The Reverse Split Amendment provides that, at the Reverse Split Effective Time, every 17 shares of our issued and outstanding common stock were automatically combined into one issued and outstanding share of common stock, without any change in par value per share. The Reverse Stock Split affected all or our shares of common stock outstanding immediately prior to the Reverse Split Effective Time. As a result of the Reserve Stock Split, proportionate adjustments have been made to the per share exercise price and/or the number of shares issuable upon the exercise or vesting of all stock options and warrants issued and outstanding immediately prior to the Reverse Split Effective Time, which resulted in a proportionate decrease in the number of shares of our common stock reserved for issuance upon exercise or vesting of such stock options and warrants, and, in the case of stock options and warrants, a proportionate increase in the exercise price of all such stock options and warrants. In addition, the number of shares reserved for issuance under our 2020 Plan (as defined below) immediately prior to the Reverse Split Effective Time has been reduced proportionately.

 

No fractional shares were issued as a result of the Reverse Stock Split.

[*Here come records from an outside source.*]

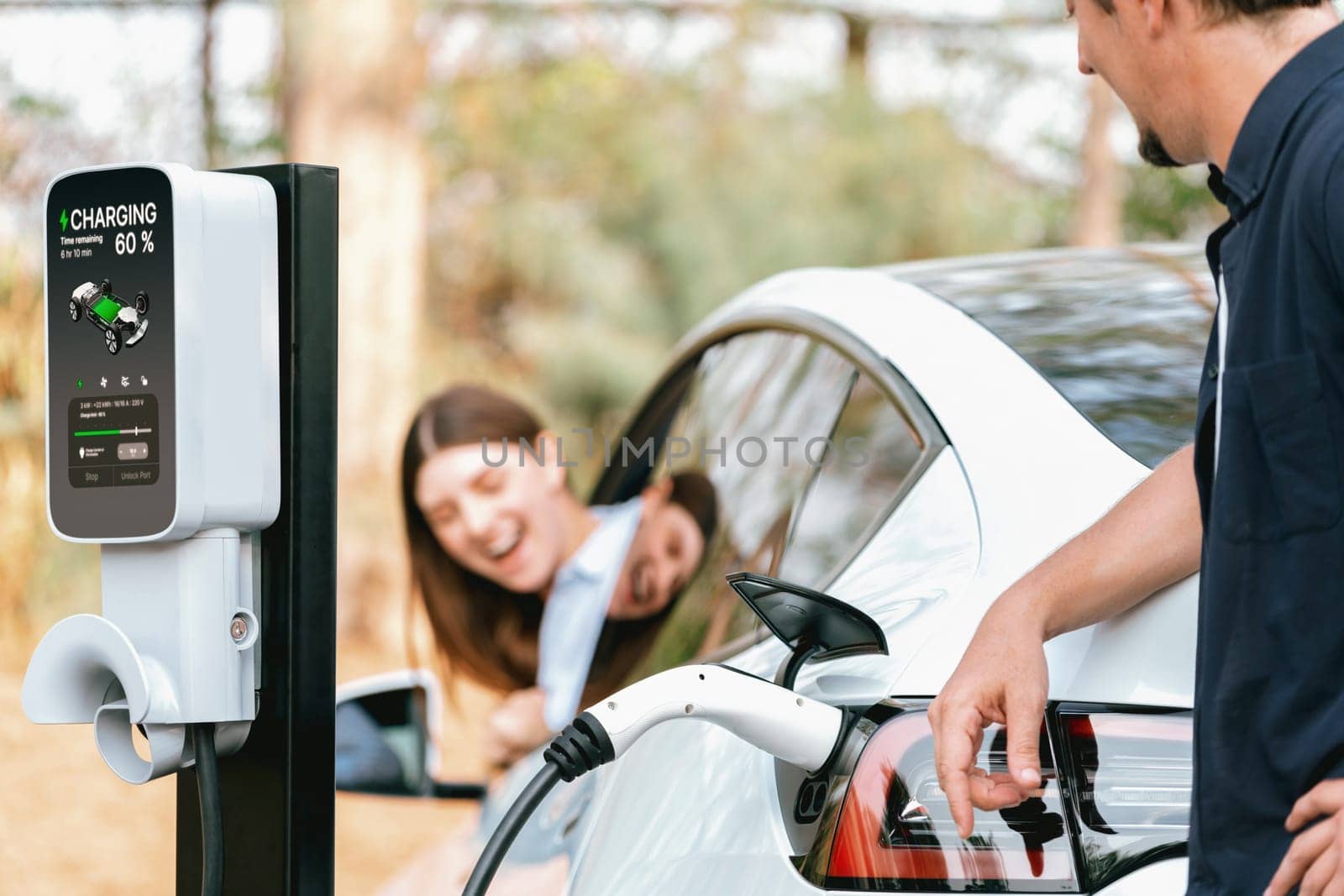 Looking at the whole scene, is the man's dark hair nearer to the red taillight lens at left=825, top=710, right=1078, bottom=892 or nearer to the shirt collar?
the shirt collar

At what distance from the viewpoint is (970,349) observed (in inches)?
65.9

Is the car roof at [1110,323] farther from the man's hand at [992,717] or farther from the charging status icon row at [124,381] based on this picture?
the charging status icon row at [124,381]

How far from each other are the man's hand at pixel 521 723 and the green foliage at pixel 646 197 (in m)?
5.09

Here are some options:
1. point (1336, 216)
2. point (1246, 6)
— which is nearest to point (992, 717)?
point (1336, 216)

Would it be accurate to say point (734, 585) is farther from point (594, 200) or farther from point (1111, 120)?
point (1111, 120)

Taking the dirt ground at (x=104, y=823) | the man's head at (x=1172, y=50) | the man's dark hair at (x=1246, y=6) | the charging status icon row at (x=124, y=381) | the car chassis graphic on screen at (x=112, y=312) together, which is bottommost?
the dirt ground at (x=104, y=823)

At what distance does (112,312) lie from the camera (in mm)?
1427

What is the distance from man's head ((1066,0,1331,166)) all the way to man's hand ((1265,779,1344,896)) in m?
0.51

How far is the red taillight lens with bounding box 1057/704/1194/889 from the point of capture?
4.01 feet

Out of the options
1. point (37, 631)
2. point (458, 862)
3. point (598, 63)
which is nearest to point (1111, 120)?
point (598, 63)

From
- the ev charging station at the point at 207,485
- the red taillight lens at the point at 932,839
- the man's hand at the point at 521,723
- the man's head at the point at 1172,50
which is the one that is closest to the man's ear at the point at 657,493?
the man's hand at the point at 521,723

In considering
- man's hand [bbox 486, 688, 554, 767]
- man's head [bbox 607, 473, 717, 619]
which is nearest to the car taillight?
man's head [bbox 607, 473, 717, 619]

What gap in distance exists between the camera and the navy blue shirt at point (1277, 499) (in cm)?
100

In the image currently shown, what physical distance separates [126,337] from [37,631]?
636cm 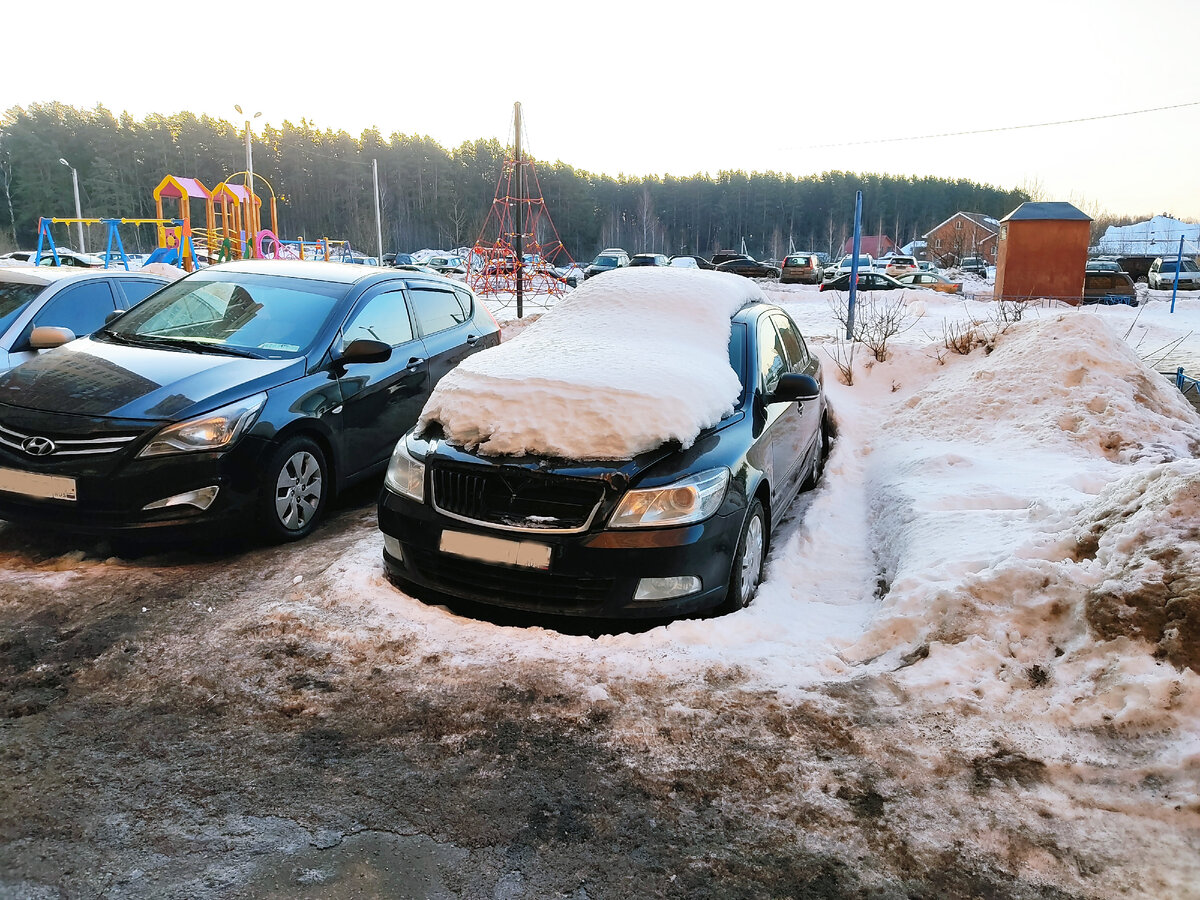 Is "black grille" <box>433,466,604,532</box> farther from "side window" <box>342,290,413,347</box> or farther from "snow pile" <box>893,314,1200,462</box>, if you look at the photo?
"snow pile" <box>893,314,1200,462</box>

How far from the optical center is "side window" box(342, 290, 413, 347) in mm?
5562

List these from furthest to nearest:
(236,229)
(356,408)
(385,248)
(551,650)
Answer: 1. (385,248)
2. (236,229)
3. (356,408)
4. (551,650)

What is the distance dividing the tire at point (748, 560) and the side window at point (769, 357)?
33.5 inches

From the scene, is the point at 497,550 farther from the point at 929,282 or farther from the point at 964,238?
the point at 964,238

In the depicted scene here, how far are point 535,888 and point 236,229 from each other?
96.7ft

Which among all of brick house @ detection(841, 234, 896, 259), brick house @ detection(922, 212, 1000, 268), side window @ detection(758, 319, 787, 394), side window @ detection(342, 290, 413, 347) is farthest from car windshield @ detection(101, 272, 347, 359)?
brick house @ detection(841, 234, 896, 259)

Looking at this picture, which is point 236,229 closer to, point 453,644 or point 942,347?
point 942,347

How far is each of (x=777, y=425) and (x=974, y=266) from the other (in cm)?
5288

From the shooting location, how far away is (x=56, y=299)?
6766 mm

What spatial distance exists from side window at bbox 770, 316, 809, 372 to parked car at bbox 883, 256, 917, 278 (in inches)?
1227

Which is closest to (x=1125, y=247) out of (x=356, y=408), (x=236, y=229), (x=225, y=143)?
(x=236, y=229)

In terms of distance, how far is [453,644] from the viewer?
354 centimetres

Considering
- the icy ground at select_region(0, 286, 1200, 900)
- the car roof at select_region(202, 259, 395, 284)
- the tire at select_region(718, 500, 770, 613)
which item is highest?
the car roof at select_region(202, 259, 395, 284)

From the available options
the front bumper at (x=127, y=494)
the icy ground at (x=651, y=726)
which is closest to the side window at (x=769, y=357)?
the icy ground at (x=651, y=726) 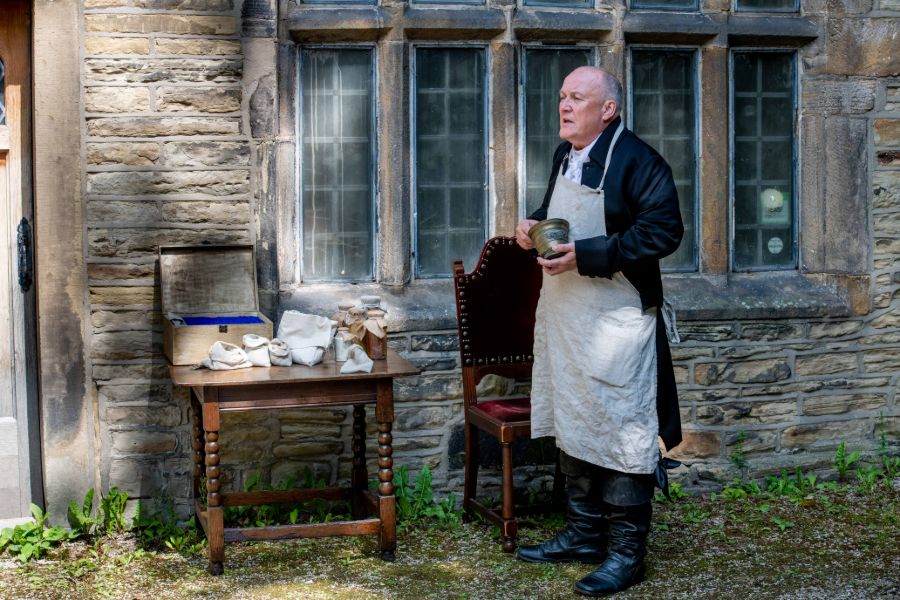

Stockholders of record who would otherwise have been entitled to receive a fractional share received a number of shares rounded up to the next whole share in lieu thereof. The Reverse Stock Split affected all stockholders proportionately and did not affect any stockholder’s percentage ownership of our common stock (other than the nominal effect of the treatment of fractional shares).

 

Our common stock began trading on The Nasdaq Capital Market on a split-adjusted basis when the market opened on October 31, 2023.

All share and per share information referenced throughout this Form 10-Q has been retroactively adjusted to reflect the Reverse Stock Split. Any fractional shares resulting from the Reverse Stock Split have been rounded up to the nearest whole share.

Going Concern

The accompanying condensed financial statements have been prepared assuming the Company will continue to operate as a going concern, which contemplates the realization of assets and settlement of liabilities in the normal course of business, and do not include any adjustments to reflect the possible future effects on the recoverability and classification of assets or the amounts and classifications of liabilities that may result from uncertainty related to its ability to continue as a going concern.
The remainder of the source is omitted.